Сказано было, что и говори, сильно, на деле же все было совсем иначе.

Во главе комитета был поставлен сенатор граф Воронцов, который в море бывал лишь раз в жизни, когда его по молодости лет везли пассажиром из Петербурга в Стокгольм. В том давнем путешествии Воронцова страшно укачало, а потому даже спустя годы, одно упоминание о море и моряках приводило его в ужас. На основании собственного опыта сенатор и внушал императору:

– По многим причинам, физическим и локальным, России нельзя быть в числе первенствующих морских держав, да в том ни надобности, ни пользы не предвидится. Прямое могущество и сила наша должны быть в сухопутных войсках… Посылка наших эскадр в прошлом в Средиземное море и другие далекие экспедиции стоили государству дорого, делали несколько блеску, а пользы никакой!

И это тайный советник говорил о походах Спиридова и Ушакова, о Чесме и Корфу!

Александр, слушая речи такие, соглашался:

– И вправду, сколько можно было бы на эти деньги полков драгунских да пехотных амуциировать!

Назначенный первым морским министром умный и деятельный адмирал Мордвинов не удержался на своем посту и четырех месяцев, разругавшись в пух и прах с флотоненавистником Воронцовым.

– Легче сделать, чтобы в Крыму летом валили снега, и осушить сибирские болота, чем переубедить этого упрямого дурака! – говорил он в отчаянии о Воронцове.

Граф немедленно пожаловался императору, и тот поддержал Воронцова. Отныне судьбу флота стал решать владелец несметных сельских угодий, а флотоводец принялся основывать в Москве общество сельского хозяйства…

Преемником Мордвинова на посту морского министра явился Павел Васильевич Чичагов, сын знаменитого адмирала героя Ревеля и Выборга. По воспитанию француз, а по убеждениям англоман. Некогда Чичагов начинал свою службу поручиком гвардии, а потому с Воронцовым они общий язык нашли быстро.

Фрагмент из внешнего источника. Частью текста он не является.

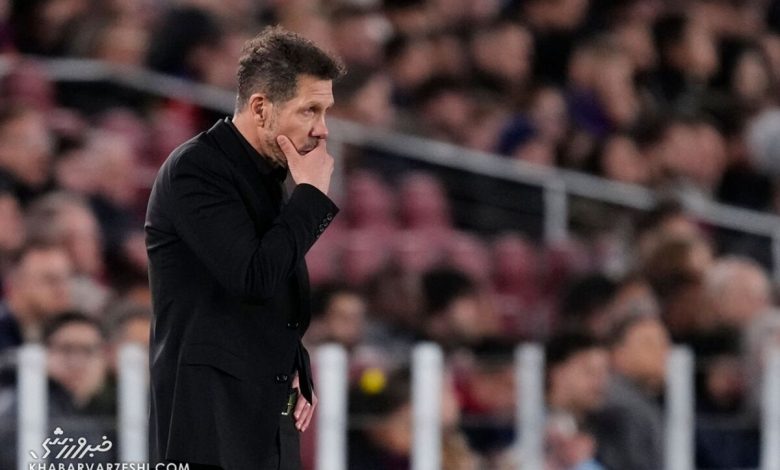 سیمئونه: چطور به رافینیا توپ طلا ندادند؟!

Характеризуя личность Чичагова, один из историков флота писал: «Это был человек очень даровитый, по характеру пылкий, неустойчивый в своих взглядах, неспособный к длительной творческой работе».

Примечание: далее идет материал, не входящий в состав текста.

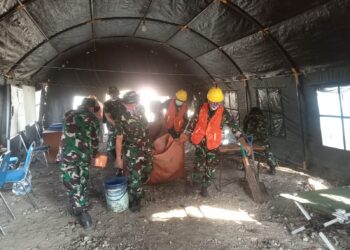 Peningkatan infrastruktur trotoar dan penerangan disekitar fasilitas publik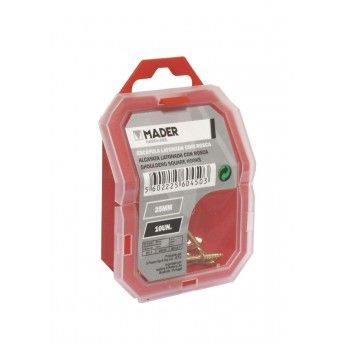 Esc�pula com Rosca, Latonada, 25mm, 10Un ref� 60450 MADER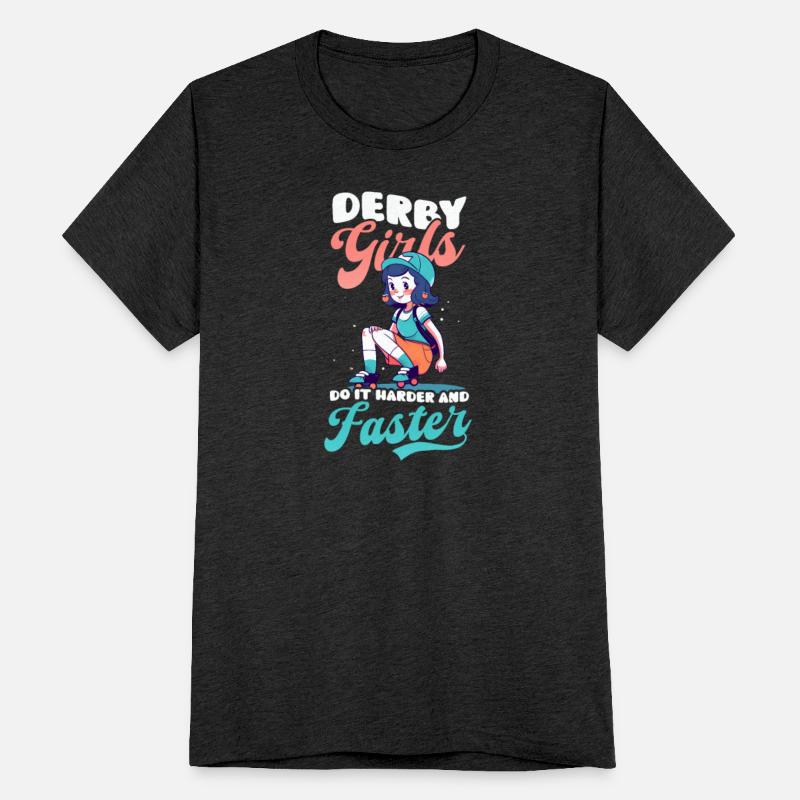 Roller Derby Roller Girls Do Harder And Faster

Несколько иную характеристику морскому министру дал мореплаватель и адмирал В.М. Головнин: «Избалованное дитя счастья, все знал по книгам и ничего по опытам, всем и всегда командовал и никогда ни у кого не был под начальством… Самого себя считал способным ко всему, а других ни к чему. Подражая слепо англичанам и вводя нелепые новизны, мечтал, что кладет основной камень величию русского флота…»

Впрочем, в первые годы царствования Александра флот еще жил временами Екатерины Великой и Павла Первого, а потому скорее вопреки, чем благодаря реформаторам, по-прежнему, являл собой реальную и грозную боевую силу.